- _Assigned task_: Without pictures, repeat exactly the lines from the one containing "Abbildung von: Carlisle" through the end of the entries.
------ Information provided
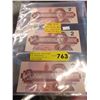 Image 1 : 3x 1986 Canadian $2 bills - Last year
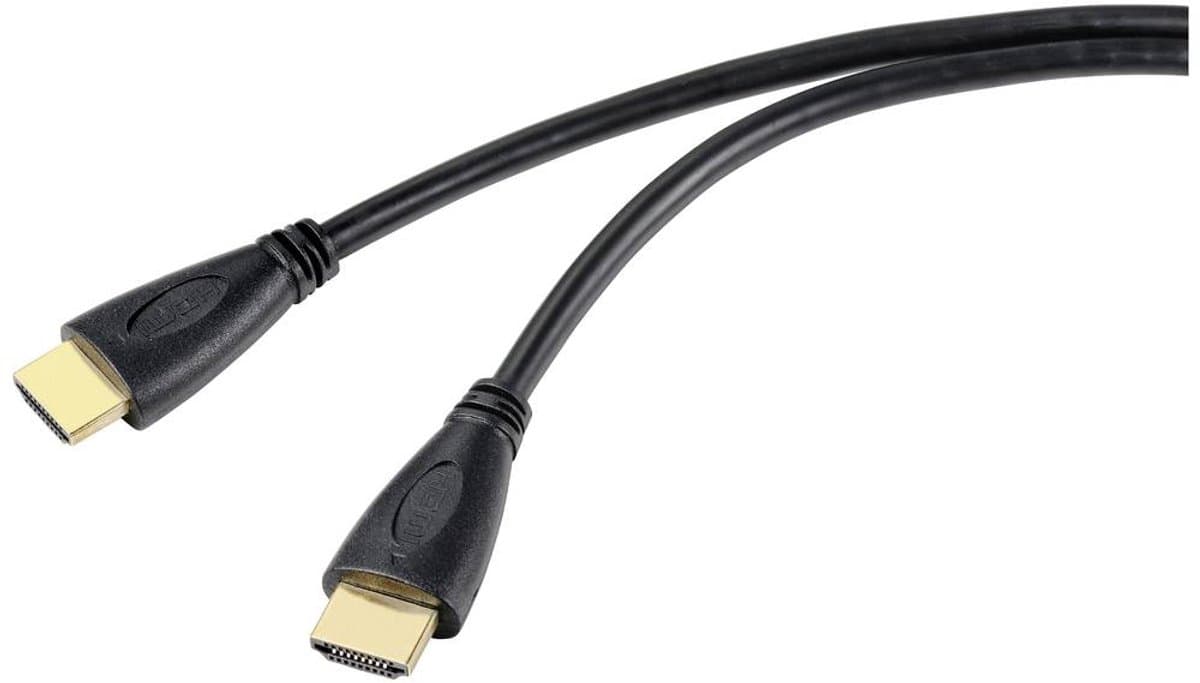 SpeaKa Professional SP-10133284 HDMI-kabel HDMI Aansluitkabel HDMI-A-stekker, HDMI-A-stekker 1.50 m Zwart 4K UHD, Audio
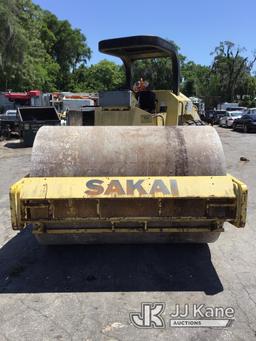 (Ocala, FL) 2002 Sakai SV510D Articulated Vibratory Compactor Runs & Operates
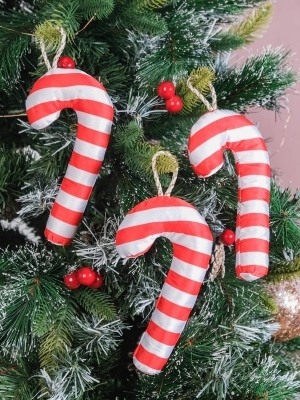 klip2deal Christmas Plastic Candy Cane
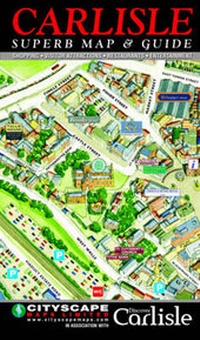 Abbildung von: Carlisle City Centre Map and Guide - Cityscape Maps Limited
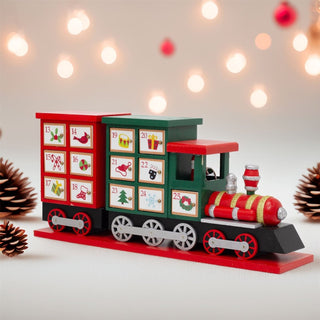 Santa Express Train Christmas Advent Calendar | Wooden Train Advent Calendar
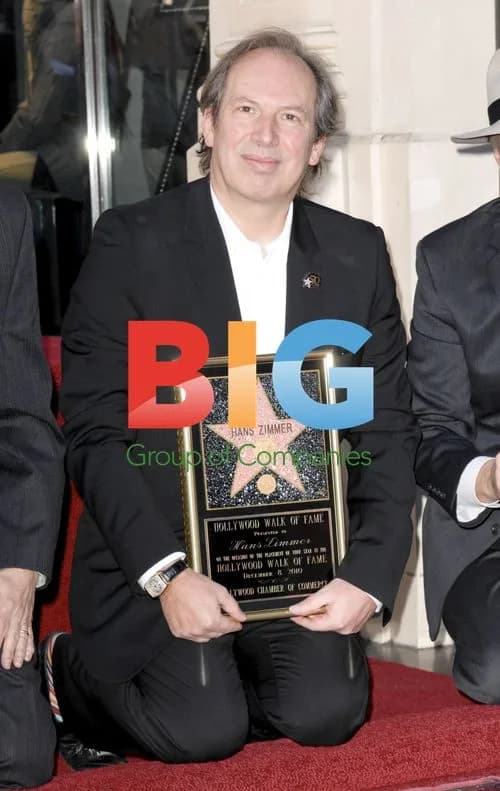 Hans Zimmer Receives Hollywood Star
------------
- _Solution for this problem_:
 Abbildung von: Carlisle City Centre Map and Guide - Cityscape Maps Limited
 Santa Express Train Christmas Advent Calendar | Wooden Train Advent Calendar
 Hans Zimmer Receives Hollywood Star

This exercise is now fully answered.